As I stand among the barren gulches in these days and look away at the slow-awakening hills of Montana, I hear the high, swelling, half-tired, half-hopeful song of the world. As I listen I know that there are things, other than the Virtue and the Truth and the Love, that are not for me. There is beyond me, like these, the unbreaking, undying bond of human fellowship—a thing that is earth-old.
It is beyond me and it is nothing to me.
In my intensest desires—in my widest longings—I never go beyond self. The ego is the all.
Limitless legions of women and men in weariness and in joy are one. They are killing each other and torturing each other, and going down in sorrow to the dust. But they are one. Their right hands are joined in unseen sympathy and kinship.
But my two hands are apart, and clasped together in an agony of loneliness.
I have read of women who have been strongly, grandly brave. Sometimes I have dreamed that I might be brave. The possibilities of this life are magnificent.
To be saturated with this agony, I say at times, and to bear with it all; not to sink beneath it but to vanquish it, and to make it the grace and comeliness of my entire life from the Beginning to the End!
Perhaps a woman—a real woman—could do this.
But I?—No. I am not real—I do not seem real to myself. In such things as these my life is a blank.
There was Charlotte Corday—a heroine whom I admire above all the heroines. And more than she was a heroine she was a woman. And she had her agony. It was for love of her fair country.
To suffer and do and die for love of something! It is glorious! What must be the exalted ecstasy of Charlotte Corday’s soul now!

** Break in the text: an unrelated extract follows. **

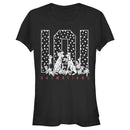 Junior's One Hundred and One Dalmatians The Whole Family T-Shirt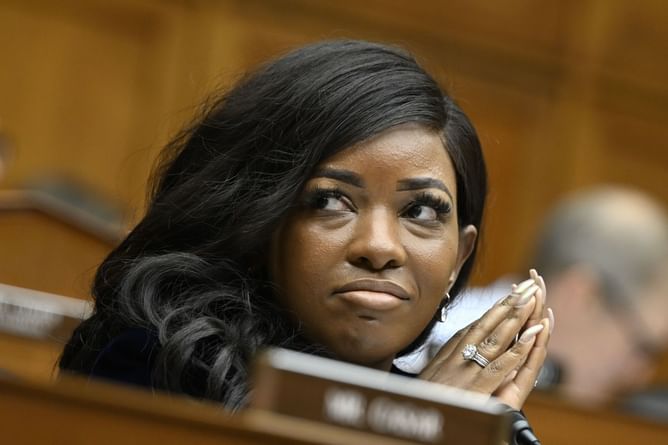 "A Star Is Born" — Plies reacts to Rep. Jasmine Crockett's “career criminal” speech against Donald Trump at DNC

And I—with all my manifold passions—I am a coward.
I have had moments when, vaguely and from far off, it seemed as if there might be bravery and exaltation for me,—when I could rise far over myself. I have felt unspeakable possibilities. While they lasted—what wonderful emotion was it that I felt?
But they are not real.
They fade away—they fade away.
And again come the varied phenomena of my life to bewilder and terrify me.
Confusion! Chaos! Damnation! They are not moments of exaltation now. Poor little Mary MacLane!
*
_ If to do were as easy as to know what were good to do,
Chapels had been churches, and poor men’s cottages
Princes’ palaces.
*
_
I do not know what to do.
I do not know what were good to do.
I would do nothing if I knew.
I might add to my litany this: Most kind Devil deliver me—from myself.
*
March 16
To-day I walked over the sand and it was almost beautiful. The sun was sinking and the sky was filled with roses and gold.
Then came my soul and confronted me. My soul is wondrous fair. It is like a young woman. The beauty of it is too great for human eyes to look upon. It is too great for mine. Yet I look.
My soul said to me: “I am sick.”
I answered: “And I am sick.”
“We may be well,” said my soul. “Why are we not well?”
“How may we be well?” I asked.
“We may throw away all our vanity and false pride,” said my soul. “We may take on a new life. We may learn to wait and possess ourselves in patience. We may labor and overcome—”
“We can do none of these things,” I cried. “Have I not tried all of them sometime in my short life? And have I not waited and waited until you have become faint with pain? Have I not looked and longed? Dear soul, why do you not resign yourself? Why can you not stay quiet and trouble yourself and me no more?